Could you repeat the data word for word while skipping the pictures?

• _INPUT DATA_:
-=-=-=-=-

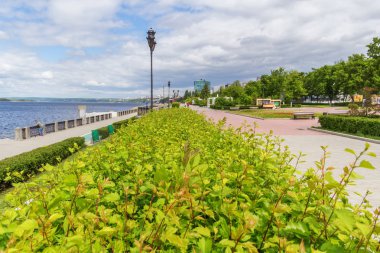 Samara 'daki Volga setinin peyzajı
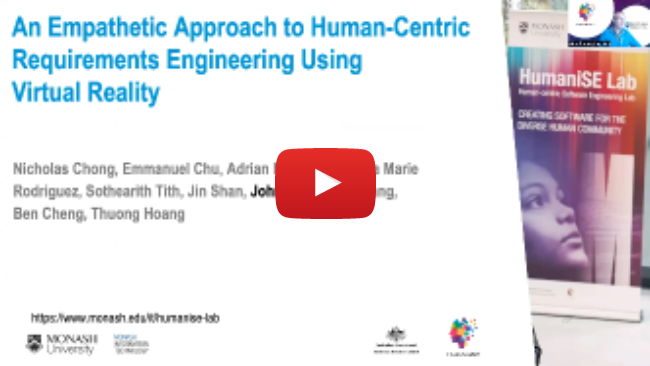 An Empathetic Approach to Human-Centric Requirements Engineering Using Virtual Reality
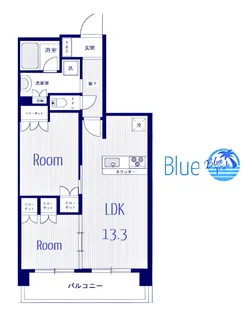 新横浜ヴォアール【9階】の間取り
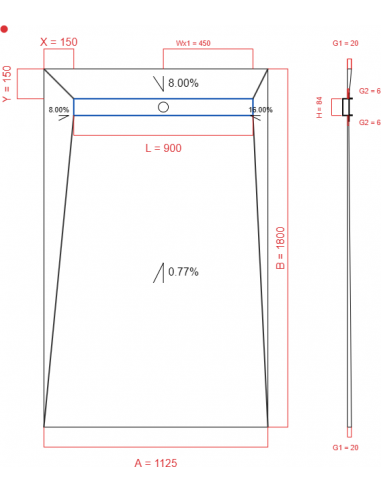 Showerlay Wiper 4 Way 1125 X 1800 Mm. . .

-=-=-=-=-

• _REPLY TO THE EXERCISE_:
 Samara 'daki Volga setinin peyzajı
 An Empathetic Approach to Human-Centric Requirements Engineering Using Virtual Reality
 新横浜ヴォアール【9階】の間取り
 Showerlay Wiper 4 Way 1125 X 1800 Mm. . .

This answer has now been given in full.